‘Remembering Poet Ann Fox Chandonnet’ by Marie Sweeney
Ann Fox Chandonnet
In recent years, I have been able to connect with the creative world of my Lowell State / Class of 1964 classmate writer/ poet Ann Fox Chandonnet, through her editor at Loom Press – my longtime friend and colleague Paul Marion. Connections were hit and miss and those years since the mid-1960s passed too quickly. I knew she had health challenges – as do we all.

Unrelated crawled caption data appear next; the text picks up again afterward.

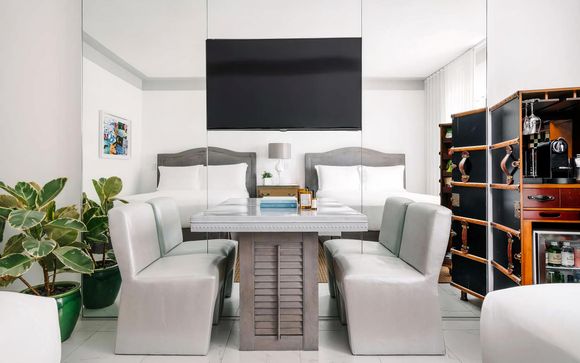 Ihr Zimmer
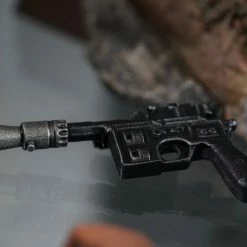 Preorder! Hot Toys DX25 Star Wars Empire Strikes Back Luke Skywalker Luke Skywalker Bespin Deluxe Edition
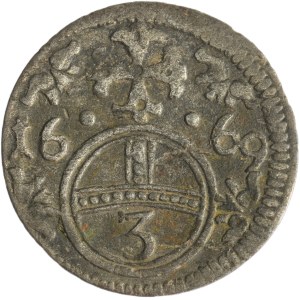 Silesia, Habsburg rule, Leopold I, Gröschel Oppeln 1669
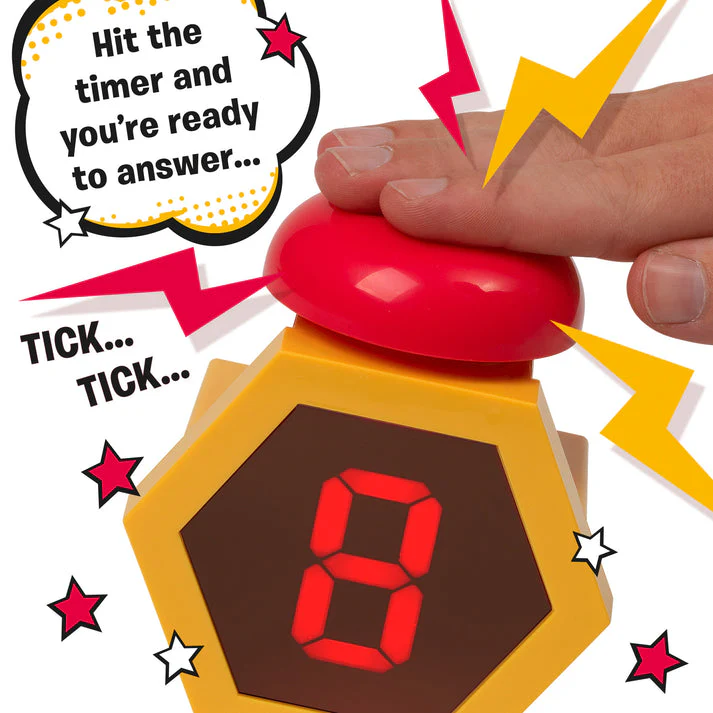 Don't Panic Game - Image 4
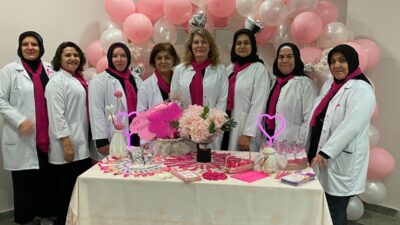 Merkez Toplum Sağlığı Merkezi ekipleri, Kadın Konukevleri ve Şiddet Önleme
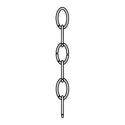 Replacement Chain  Decorative Chain Accents by Generation Lighting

Nonetheless, I am shocked and saddened to read of the passing of my old friend and Lowell State College Class of 1964 fellow alum … Poet, teacher, freelance writer, editor, columnist, cook, wife, mother, gardener, seamstress – she did it all… she was so smart … she was a role model for me as soon as we met in 1960 in our Secondary Ed/ English section in Cobun Hall … She and her future husband Fern were quite an unlikely match but their union lasted … I suppose our friendship was also a bit unlikely. The quiet but intellectual girl from Marsh Hill Farm in Dracut and the talkative, opinionated girl from Lowell via Notre Dame Academy seem an unlikely pair. In fact, Fern called me “sister Kirwin” playing up that difference … that NDA thing. But we were in that small Secondary Education section – most aiming for a career in teaching … we were writers although my attempts were doggerel compared to Ann’s. I was more Campus Star and she was Pegasus! She was the Editor and I was the business manager of the campus literary magazine. Along with our section-mate Mary Jo Fisher (later Austin), I was a campus activist. Ann had other interests and obligations. But there were connections! We were both the oldest in a family of five and knew about obligations. We were both close to and greatly influenced by a grandmother (in my case two grandmothers.)

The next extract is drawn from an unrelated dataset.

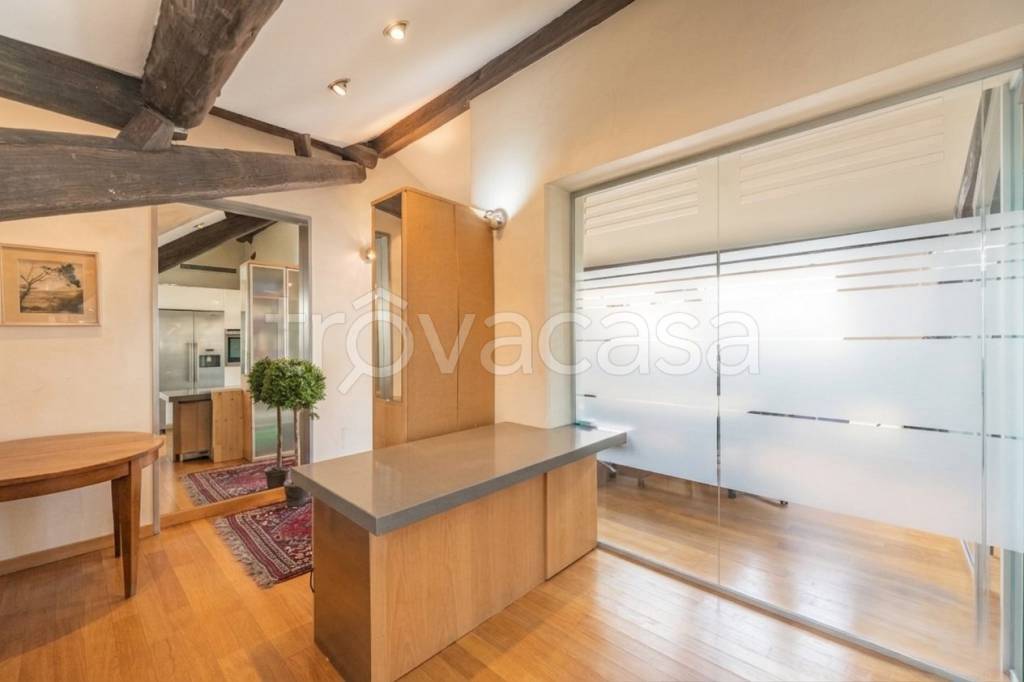 appartamento in vendita a Milano in zona Sempione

I remember being a guest in Ann and Fern’s apartment – they were just newlyweds living on Middlesex Street in Lowell – I think Bill was with me – we were all just starting out. We all went on our way.
Ann Fox Chandonnet made a special mark with writing, her observations, her tales and story, her views and interpretations of what she saw – whether in Alaska, North Carolina, Missouri, or at Marsh Hill Farm. She was an award-winning and professional recognized writer and observer.
Ann’s Dracut/ Marsh Hill Farm and family roots anchored her life… I look back on those early days and think “Ann was bound to go far from the pages of the Pegasus literary magazine.” I was lucky to know her … and I mourn her passing. My condolences to her family.
—Marie Sweeney
Here’s a link to Ann’s collection of her best poems published in 2023 by Loom Press.

Hi, Marie,
Thanks so much for this wonderful write-up of Ann Fox Chandonnet; it’s made me eager to investigate her work. Thanks, too, for the helpful link to Ms. Chandonnet’s work on Loom Press!